Je repris mon tour dans le circuit, mais un autre avion sans doute en difficulté me coupa la piste m'obligeant une nouvelle fois à remettre les gaz. Ayant fait toutes ces évolutions volets rentrés, je décidai de ne les sortir qu'en finale.

La commande des volets étant électrique et, au moment de les sortir, un magnifique éclair bleuté surgit du tableau des fusibles. Là, il n'était plus question de remettre encore une fois les gaz et de farfouiller derrière le panneau électrique pour un dépannage éventuel. Trop c'est trop... aussi décidai-je de me poser assez vite... un peu trop vite compte tenu de l'encombrement du terrain.

J'arrivai face à un Potez 63. Je ne pus l'éviter qu'en amorçant volontairement un cheval de bois. Au cours de cette manœuvre, j'accrochai le bout d'aile (aile contre aile) d'un Bloch 160 que je bousculai un peu sans trop de dégâts.

C'étaient mes quatrième et cinquième avions endommagés ou cassés en trois ans, ce qui commençait à bien faire.

Des cinq autres équipages, seul celui du Cne Arnaud était arrivé.
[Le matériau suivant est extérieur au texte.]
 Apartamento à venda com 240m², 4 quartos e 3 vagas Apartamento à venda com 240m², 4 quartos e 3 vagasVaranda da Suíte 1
Nous apprîmes plus tard que Dellys et Littolff, par suite d'ennuis mécaniques et du mauvais temps, s'étaient crashés quelque part dans le sud de la France. Marchesseau s'était planté dans les Pyrénées espagnoles, quant au cinquième nous n'avons jamais su ce qu'il était devenu.


Roger RECEVEAU

Extrait de "Souvenirs inachevés" (Éd : Avia éditions - 2006)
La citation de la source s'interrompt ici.